Morrisseau is considered the founder of the Woodlands School of Art, which drew on traditional Native cosmology. Dubbed “the Picasso of the North” by Marc Chagall, Morrisseau made work that spoke to the cultural and political tensions between Indigenous and settler traditions, and also celebrated fluidity, both cultural and sexual. The artist’s later work embraced contemporary idioms, paving the way for painters such as Lawrence Paul Yuxweluptun, who merged Indigenous cosmology with Surrealism.

Jacobson was a fan of Morrisseau, whom he met by chance in a Nanaimo gallery in 2005. In court documents, the estate claimed that Jacobson, who is also an artist, paints in the style of Morrisseau “and to some extent has also fashioned his artistic persona after Norval Morrisseau, naming himself ‘Rainbow Thunderbird’ after Morisseau’s Anishnaabek name ‘Copper Thunderbird’”.
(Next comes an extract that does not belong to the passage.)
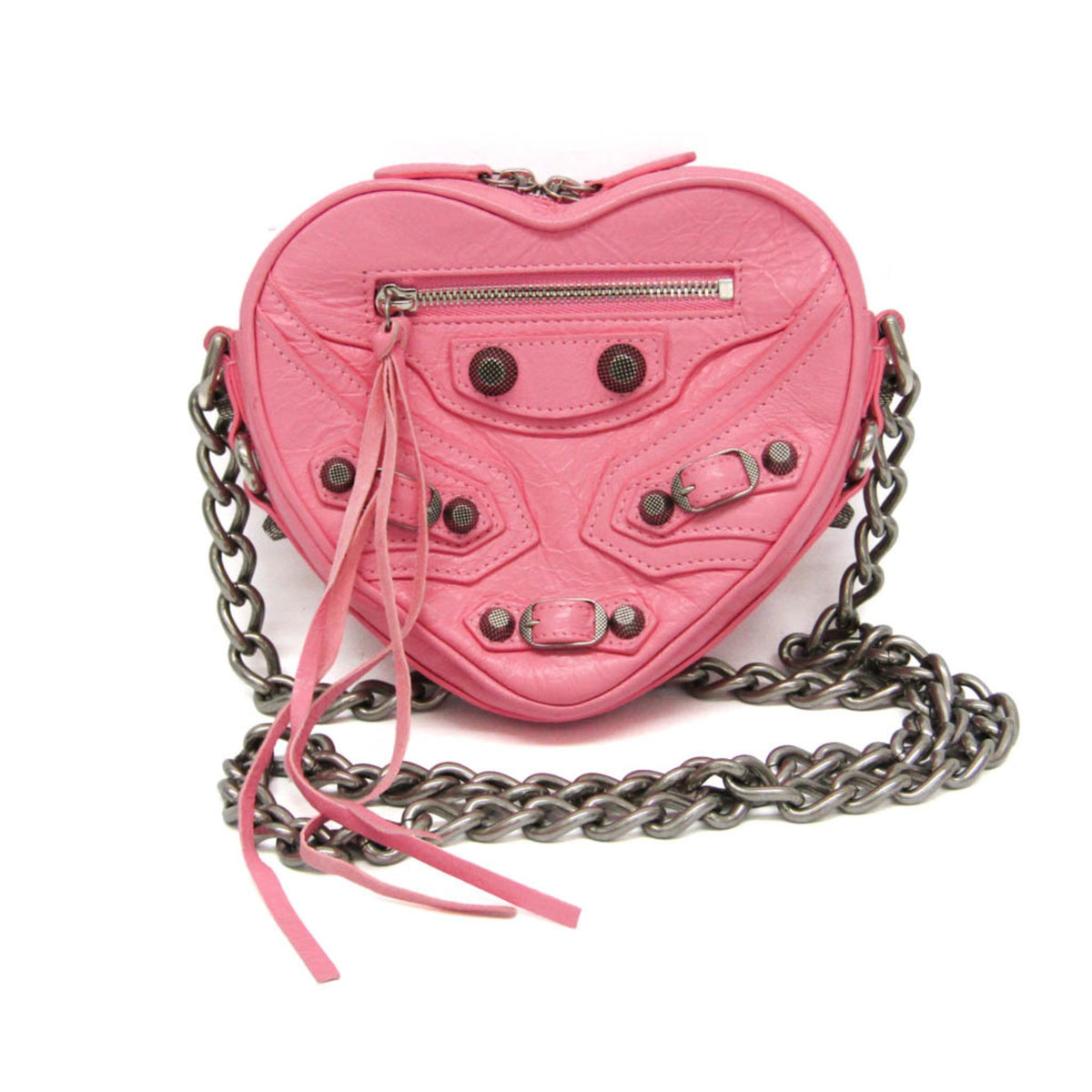 Balenciaga Le Cagole Giant Studs Heart Chain Leather Pink Leather Handbag (Pre-Owned)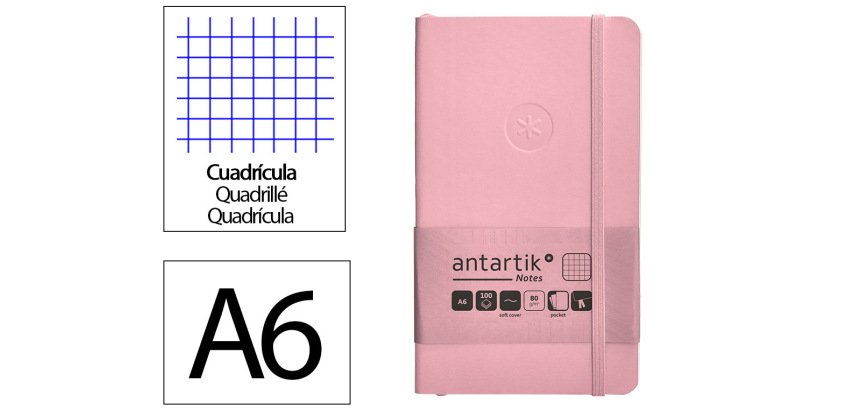 Cuaderno con gomilla Antartik notes tapa blanda A6 cuadricula rosa pastel 100 hojas 80 g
Morrisseau’s estate stated in its response to the lawsuit, filed last 9 September, that Jacobson had contacted Cory Dingle, the chief executive of the company associated with the estate, in 2022 and asked to be promoted as Morrisseau’s “sole spiritual and artistic successor”. In a subsequent affidavit, Dingle stated that he refused and the next day Jacobson allegedly began a “vile and profane text message and internet defamation campaign” against Morrisseau and the estate.

Art crime

Alleged leader of ‘biggest art fraud in the world’ sentenced in Canada

Hadani Ditmars

Jacobson stated that he “categorically denies” that he asked to be appointed as “spiritual successor or gatekeeper of the Woodlands style”.

Dingle tells The Art Newspaper he feels relieved and vindicated by the dismissal of the case. “The estate will always vigorously defend the legacy of Norval Morrisseau against all actions attempting to diminish his importance,” he says. “As we’ve seen with the most recent crown convictions of all six fraud cases now successfully concluded with guilty on all accounts, these victories show the world our passion to defend Morrisseau’s legacy.”

Morrisseau became aware of forgeries of his work on the market in the years before his death. But it was a 2019 documentary by the Canadian film-maker Jamie Kastner, There Are No Fakes, that brought what has been described as the biggest art fraud in history to wider public attention.